Uw aanvraag voor deze hypothecaire geldlening is afgewezen, omdat niet voldoen wordt aan een of meer acceptatievoorwaarden. Uw aanvraag voldoet niet aan de volgende voorwaarden:
- Uw inkomen, nu en in de toekomst, is niet toereikend voor de gewenste financiering
- De inbreng van eigen middelen is ontoereikend
Door het overeenkomen van een boetebeding hebben partijen de schade gefixeerd op (ten minste) 10% van de koopprijs, derhalve € 60.000,00.
Wel uitstel bankgarantie gevraagd, geen velenging financieringsvoorbehoud
"Wij waren in de veronderstelling dat de datum automatisch verlengd werd als de financiering nog niet rond was, dit blijkt dus niet het geval."

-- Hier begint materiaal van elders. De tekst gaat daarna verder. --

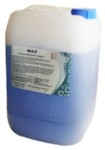 RAZE WAX (Воск) 10кг жидкий воск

Op grond van artikel 6:94 Burgerlijk Wetboek kan de rechter op verlangen van de schuldenaar, indien de billijkheid dit klaarblijkelijk eist, de bedongen boete matigen. De rechter dient die bevoegdheid terughoudend te hanteren. Matiging is alleen aan de orde als toepassing van een boetebeding in de gegeven omstandigheden tot een buitensporig en daarom onaanvaardbaar resultaat leidt. Daarbij zal bijvoorbeeld moeten worden gelet op de verhouding tussen de werkelijke schade en de hoogte van de boete, maar ook op de aard van de overeenkomst, de inhoud en de strekking van het beding en de omstandigheden waaronder het is ingeroepen. Ook de hoedanigheid van partijen kan van belang zijn. Het enkele uiteenlopen van schade en boete is onvoldoende grond voor matiging.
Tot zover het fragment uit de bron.